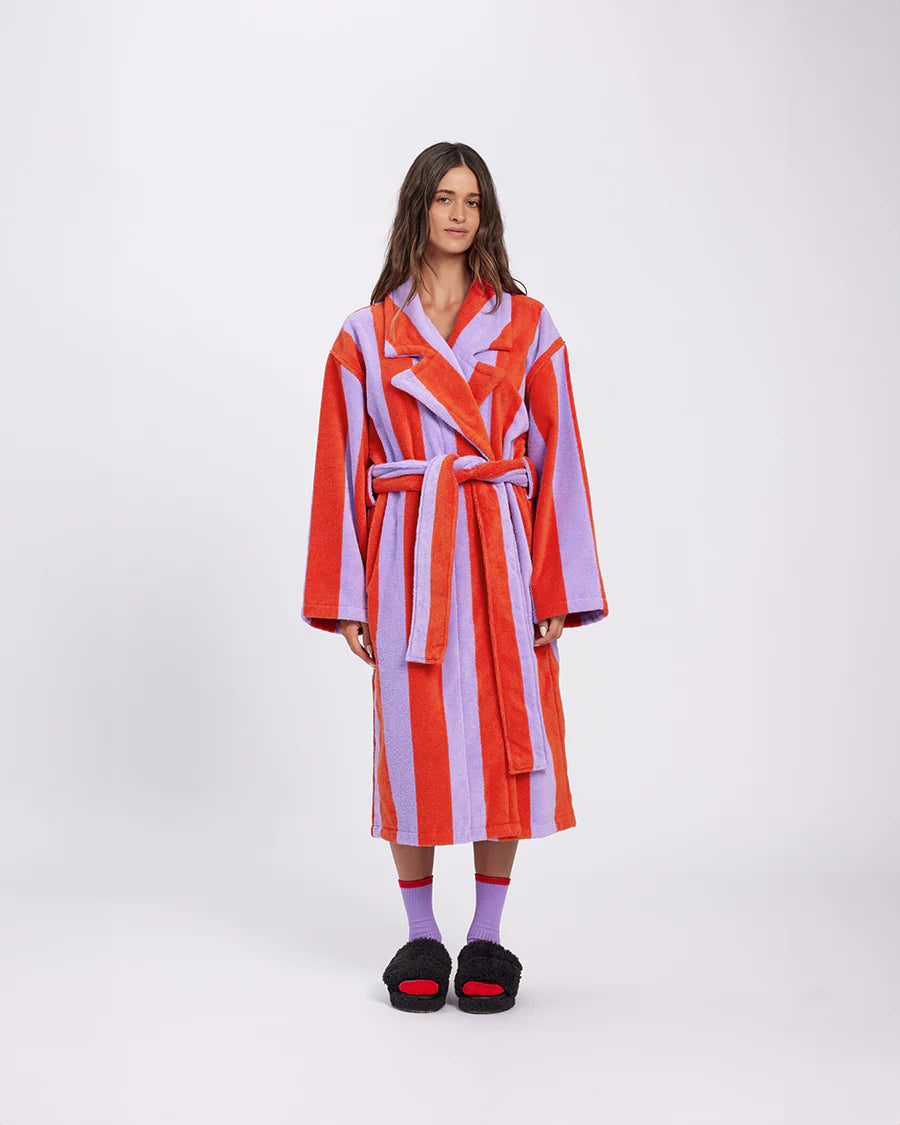 Hommey Robe - Grapefruit Stripes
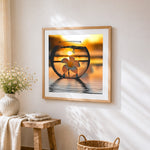Flower in glass sunset cross stitch artwork displayed on wall as home decor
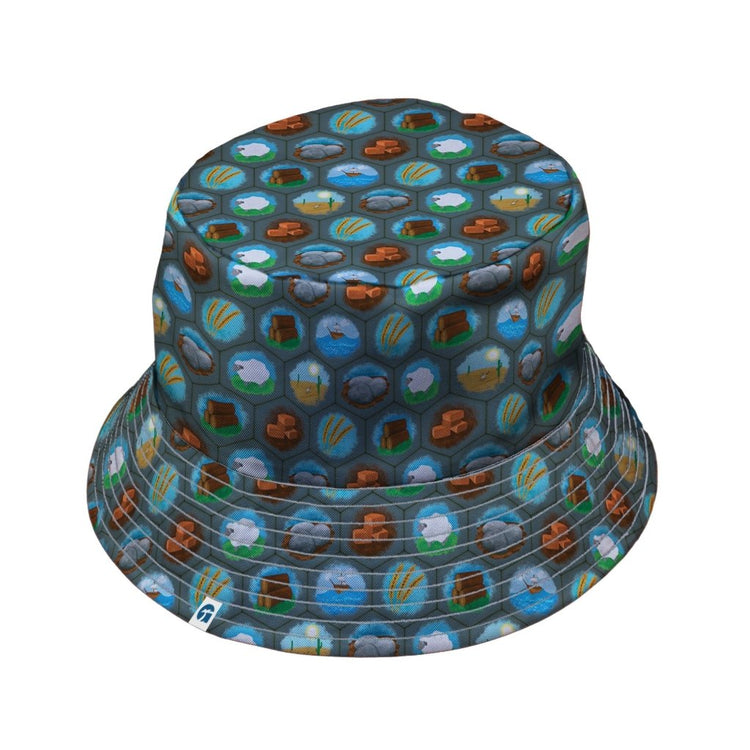 Hexagon Tile Game Symbols Bucket Hat - M - Black Stitching - -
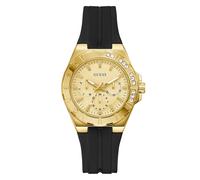 Multifunktionsuhr GUESS "CALYPSO", gold (schwarz), Armbanduhren, Damen, Quarzuhr, Armbanduhr, Damenuhr, analog, Wochentag, Tag (99327937-0) schwarz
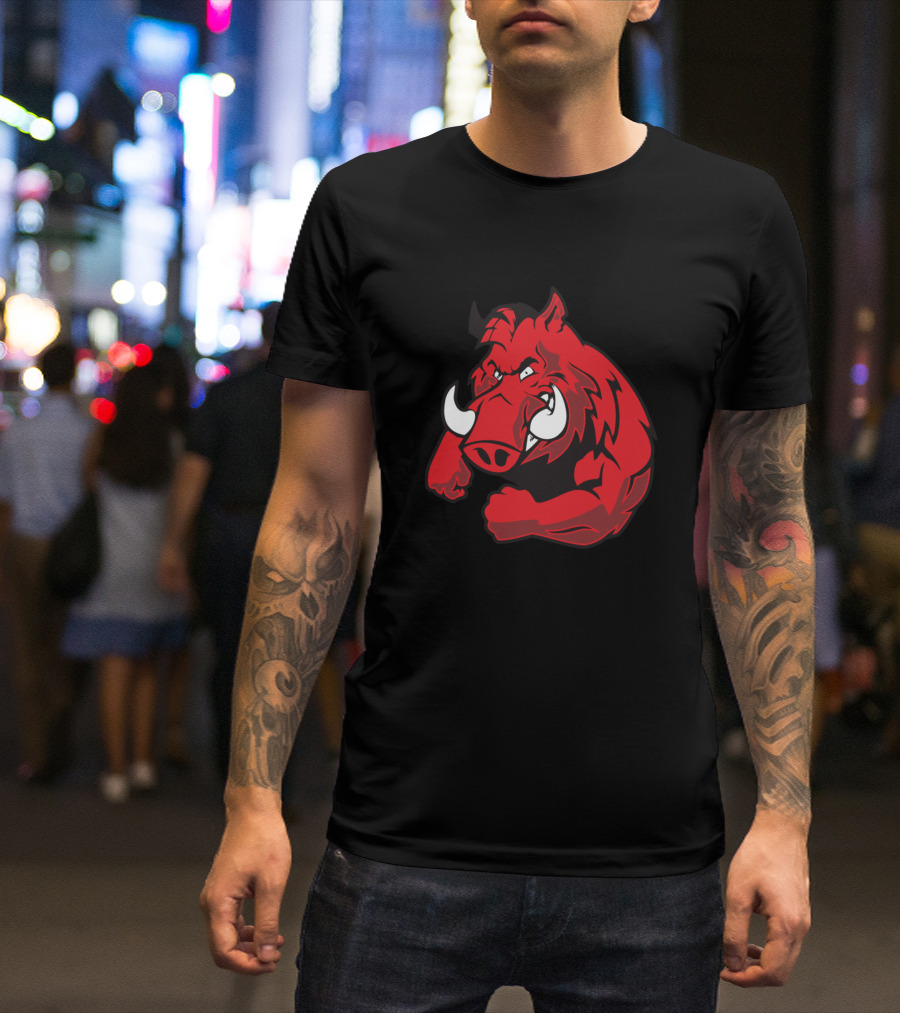 Red Angry Wild Boar Emblem T-Shirt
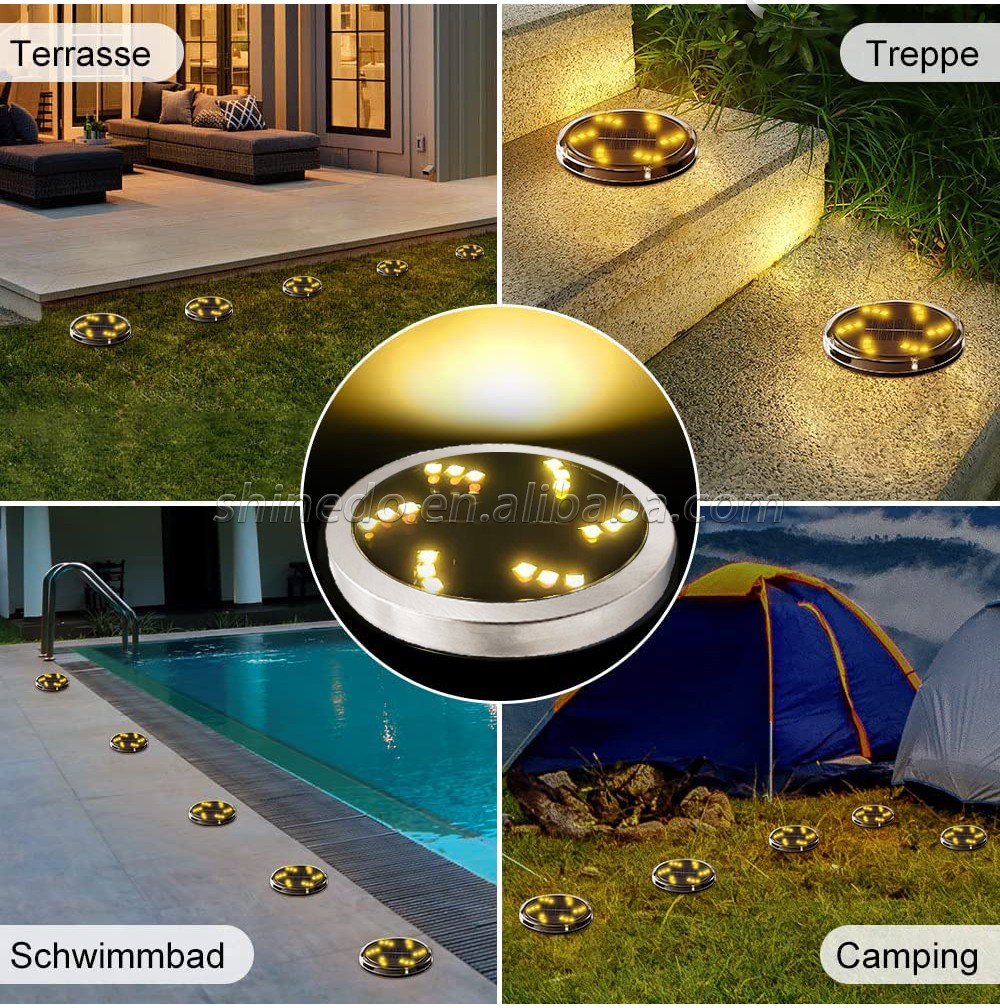 Stainless Steel Solar Ground Light Spiral 18LED Glow Solar Ground Light Outdoor Waterproof Solar Garden Light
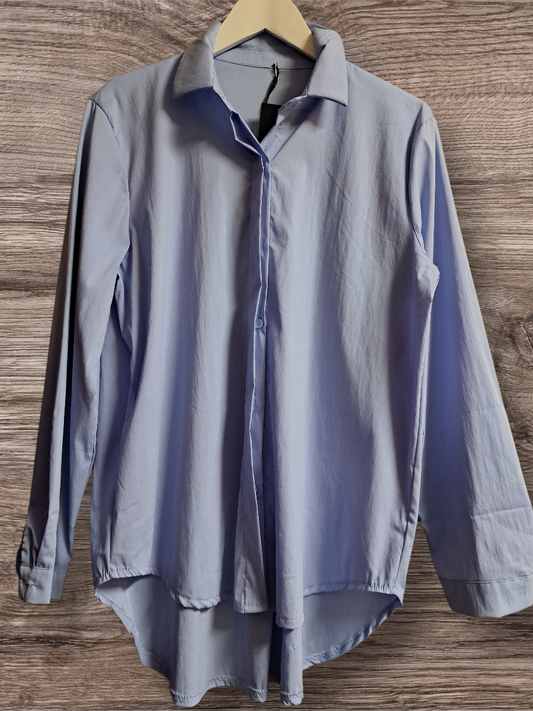 Cotton Lange Blouse Licht Blauw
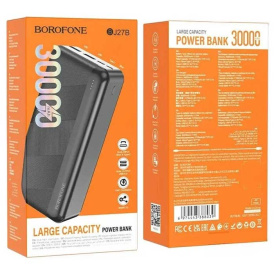 Внешний аккумулятор BOROFONE BJ27B Pindar Power bank, 2.1А 30000mAh, черный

Directions = Here the lines from the one with "Red Angry Wild Boar Emblem T-Shirt" through the last line of the data above need to be repeated exactly, both included, and any picture omitted.

Response area =
 Red Angry Wild Boar Emblem T-Shirt
 Stainless Steel Solar Ground Light Spiral 18LED Glow Solar Ground Light Outdoor Waterproof Solar Garden Light
 Cotton Lange Blouse Licht Blauw
 Внешний аккумулятор BOROFONE BJ27B Pindar Power bank, 2.1А 30000mAh, черный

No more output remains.